I suppose it could be worse. At least I don't live in Port MacNeill, whose poor citizens were threatened by an invasion of Rainbow People. I'm seriously considering going somewhere less desirable next summer. Perhaps Tierra del Fuego - it would be the off season there.

P.S. The Next Day
God took pity on me and offered up a lovely, deep soaking rain. I picked blackberries, appreciating the sounds of tourist-filled SUVs zooming off to the ferry to return home. Bless them.

Wednesday, August 07, 2013

Onwards and Upwards

Deuteronomy I, in progress
I wish there was a grand and glorious reason for why I have been absent from Blogland, such as the Yarn Harlot's heroic fundraising bike ride, but all I did was move house, for the forty-second time in my adult life. May I never have to move again. I'm wrung out - and it was even a pretty simple move. Just around the block to a somewhat bigger, nicer cabin. I still have too many books and cartons of fabric and art supplies, so I need to get ruthless and edit it all down some more, but some patches of open space are beginning to appear amongst the stacks of boxes, bins and totes as things find their place.

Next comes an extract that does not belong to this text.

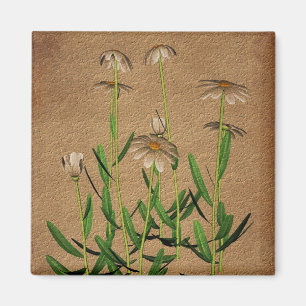 Daisy på åldrig papper blommigt magnet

I made it a priority to get back to stitching as soon as I could. It keeps me sane, or so I am told. I finished le taugaret (possibly a sharp-shinned hawk) before the move, and le turc (nighthawk, not really a raptor) just the other day. He was so much fun to stitch, with those little crescent shaped spots. Now I am working on the last bird of the series, a young bald eagle.

These raptors have been haunting my sleep. I had a dream last week where a baby eagle hatched itself out of my thigh just above my knee and flew away. Eagles are such powerful, mythic creatures - I have no idea what one was doing in my thigh - so I took it as an auspicious sign.

I'm at the stage when I can start thinking about the next set of critters - I'm leaning towards the aquatic mammals. I have to do a beaver of course, and Louis Nicolas drew some fairly funky looking ferrets and otters as well.